Leading offshore drilling contractor Transocean (RIG 0.50%) was one of several companies seeing notable improvements in the market. CEO Jeremy Thigpen ran through some key trends on the company's recent second-quarter call:

[W]e're extremely pleased with the direction of the high specification harsh environment market where our top tier assets are fully utilized. Day rates are approaching and, in some cases, exceeding $400,000 per day. ... And while we're somewhat frustrated with the pace and trajectory of the ultra-deepwater market, we remind ourselves that we have moved off the bottom and are clearly in the early stages of what we expect will be a much broader recovery. ... We have spent the last several years positioning ourselves [for this recovery] by establishing the offshore drilling industry's largest and most profitable backlog, providing us with unparalleled visibility to future cash flows.

As Thigpen notes, the company has seen a definite improvement in two of the offshore drilling market's most important metrics: day rates and utilization. As those trends continue, the company and its peers will be able to make more money, since they'll have more rigs working at higher rates.

An offshore drilling rig and tanker with the sun setting in the background.

Image source: Getty Images.

We see an acceleration ahead

Olivier Le Peuch, the new CEO of leading oilfield service contractor Schlumberger (SLB 0.35%), also noted similar positives on that company's second-quarter call. First, he pointed out that shallow water rig activity improved by 14% during the second quarter. Meanwhile, he said that deepwater "is seeing less growth of rig activity at the moment, more single digit." Those trends should become even more pronounced in the coming quarters. That's because the industry is on track to make additional final investment decisions on deepwater projects during the third and fourth quarters. "That would translate in further growth and acceleration of deepwater as we expect into next year," according to Schlumberger's CEO.

We're in the early innings of a long game

Clay Williams, CEO of oilfield equipment maker National Oilwell Varco (NOV 0.90%) also sees several positives ahead for the offshore drilling market. An analyst on the company's second-quarter call stated that it seemed like the industry has recently hit an inflection point where orders are improving. That's driving the view that a sustainable multiyear recovery could be taking hold. Williams agreed with that sentiment, and stated:

I think it speaks to the long-term view that the operators have in the offshore. These are very long term projects and so our experience has been that the offshore operators are less reactive to kind of near-term commodity prices. They've taken their time over the last 4 or 5 years on working down costs and re-engineering these projects and getting comfort around the economic viability of these things because they're multiyear, sometimes multi-decade undertakings that they're embarking on. And given the rising level of inquiries and interest in the offshore that we hear from our drilling contractor customers, given the fact that the number of jackups for instance under contract picked up, I think, in Q2 over Q1, there are some signs out there that activity is starting to march upward and our belief is that the operators that are undertaking that activity will do so with conviction and commitment and follow through. So we're very hopeful that this is a market, just moving more slowly for instance in North America, but it's good to see it going up into the right somewhat.
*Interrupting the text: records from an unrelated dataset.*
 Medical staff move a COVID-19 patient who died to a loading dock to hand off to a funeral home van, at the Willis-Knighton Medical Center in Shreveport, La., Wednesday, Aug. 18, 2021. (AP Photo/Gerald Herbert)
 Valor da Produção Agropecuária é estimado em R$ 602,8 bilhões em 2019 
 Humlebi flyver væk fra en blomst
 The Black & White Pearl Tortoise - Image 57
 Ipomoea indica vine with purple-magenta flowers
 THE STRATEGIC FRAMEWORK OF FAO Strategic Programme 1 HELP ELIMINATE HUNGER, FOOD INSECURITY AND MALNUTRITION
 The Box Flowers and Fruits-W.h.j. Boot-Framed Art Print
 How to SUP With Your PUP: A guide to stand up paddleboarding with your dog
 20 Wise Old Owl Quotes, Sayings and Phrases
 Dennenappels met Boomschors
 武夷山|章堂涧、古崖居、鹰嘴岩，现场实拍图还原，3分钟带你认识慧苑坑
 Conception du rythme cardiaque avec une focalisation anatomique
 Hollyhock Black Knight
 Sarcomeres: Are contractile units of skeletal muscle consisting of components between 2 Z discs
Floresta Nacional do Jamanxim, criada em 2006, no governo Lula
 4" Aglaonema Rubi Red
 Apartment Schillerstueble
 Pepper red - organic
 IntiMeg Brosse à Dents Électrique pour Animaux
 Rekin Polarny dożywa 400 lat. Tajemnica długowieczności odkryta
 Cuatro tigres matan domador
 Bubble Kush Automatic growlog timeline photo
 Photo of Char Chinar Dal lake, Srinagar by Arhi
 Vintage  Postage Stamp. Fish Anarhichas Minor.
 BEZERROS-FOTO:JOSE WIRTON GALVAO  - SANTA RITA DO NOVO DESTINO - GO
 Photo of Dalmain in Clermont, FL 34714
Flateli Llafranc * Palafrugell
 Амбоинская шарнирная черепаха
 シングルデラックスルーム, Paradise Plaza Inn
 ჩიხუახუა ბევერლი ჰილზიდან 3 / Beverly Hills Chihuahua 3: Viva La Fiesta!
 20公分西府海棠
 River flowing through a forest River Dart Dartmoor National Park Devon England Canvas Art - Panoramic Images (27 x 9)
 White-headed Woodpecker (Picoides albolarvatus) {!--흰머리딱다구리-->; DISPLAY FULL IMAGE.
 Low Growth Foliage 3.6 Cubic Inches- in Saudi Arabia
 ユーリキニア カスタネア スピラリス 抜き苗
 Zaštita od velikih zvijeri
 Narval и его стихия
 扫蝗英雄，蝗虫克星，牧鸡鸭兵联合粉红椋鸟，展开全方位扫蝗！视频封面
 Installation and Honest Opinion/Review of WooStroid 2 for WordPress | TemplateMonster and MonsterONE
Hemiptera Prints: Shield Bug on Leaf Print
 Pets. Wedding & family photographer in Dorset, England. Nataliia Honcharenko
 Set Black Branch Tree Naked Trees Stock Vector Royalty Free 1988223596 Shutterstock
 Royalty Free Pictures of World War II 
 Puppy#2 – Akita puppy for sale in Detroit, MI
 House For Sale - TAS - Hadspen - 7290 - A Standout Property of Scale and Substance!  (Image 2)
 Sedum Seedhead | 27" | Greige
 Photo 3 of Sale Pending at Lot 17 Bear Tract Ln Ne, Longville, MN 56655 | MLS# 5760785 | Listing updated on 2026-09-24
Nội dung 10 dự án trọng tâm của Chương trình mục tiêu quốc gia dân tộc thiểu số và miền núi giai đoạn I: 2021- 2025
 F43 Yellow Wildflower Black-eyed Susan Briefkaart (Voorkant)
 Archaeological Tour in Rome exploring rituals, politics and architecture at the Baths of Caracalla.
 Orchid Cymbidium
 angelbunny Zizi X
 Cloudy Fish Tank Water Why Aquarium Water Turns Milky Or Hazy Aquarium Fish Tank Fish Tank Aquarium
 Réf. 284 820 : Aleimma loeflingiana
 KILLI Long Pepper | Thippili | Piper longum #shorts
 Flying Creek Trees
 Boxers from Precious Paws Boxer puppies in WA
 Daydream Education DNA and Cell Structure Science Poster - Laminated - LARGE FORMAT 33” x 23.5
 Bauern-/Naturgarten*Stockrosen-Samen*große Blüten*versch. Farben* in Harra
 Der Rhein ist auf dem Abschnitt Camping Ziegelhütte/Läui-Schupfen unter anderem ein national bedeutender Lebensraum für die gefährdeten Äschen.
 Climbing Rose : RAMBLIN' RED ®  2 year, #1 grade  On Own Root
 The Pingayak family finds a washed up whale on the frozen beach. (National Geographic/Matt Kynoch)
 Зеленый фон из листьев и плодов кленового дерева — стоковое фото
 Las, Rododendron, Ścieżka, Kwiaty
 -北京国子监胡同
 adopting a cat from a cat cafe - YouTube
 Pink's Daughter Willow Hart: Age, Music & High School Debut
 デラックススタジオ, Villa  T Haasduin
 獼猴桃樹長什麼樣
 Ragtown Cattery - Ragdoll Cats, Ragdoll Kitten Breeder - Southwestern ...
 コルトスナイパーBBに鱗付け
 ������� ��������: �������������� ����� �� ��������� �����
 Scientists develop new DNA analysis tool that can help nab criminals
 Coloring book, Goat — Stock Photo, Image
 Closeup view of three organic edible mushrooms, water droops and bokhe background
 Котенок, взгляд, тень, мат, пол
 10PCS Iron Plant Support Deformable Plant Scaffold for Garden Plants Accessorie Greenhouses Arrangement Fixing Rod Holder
As Williams' points out, oil companies have been deliberate in planning their offshore returns. They spent years driving down costs so that these investments would pay off at lower oil prices. While they're taking things slowly, industry activity levels are improving. That trend will continue since oil companies are approving an increasing number of these long-term projects.

Better days are up ahead

The offshore drilling market might not be improving as fast as the industry anticipated, but it is beginning to bounce back. That's evident in the fact that activity levels, day rates, and utilization were all on the rise during the second quarter. Those trends will likely continue since oil companies are methodically approving more long-term projects, which will boost demand for drilling rigs. This outlook suggests that offshore drilling stocks could bounce back over the next several years as this recovery continues.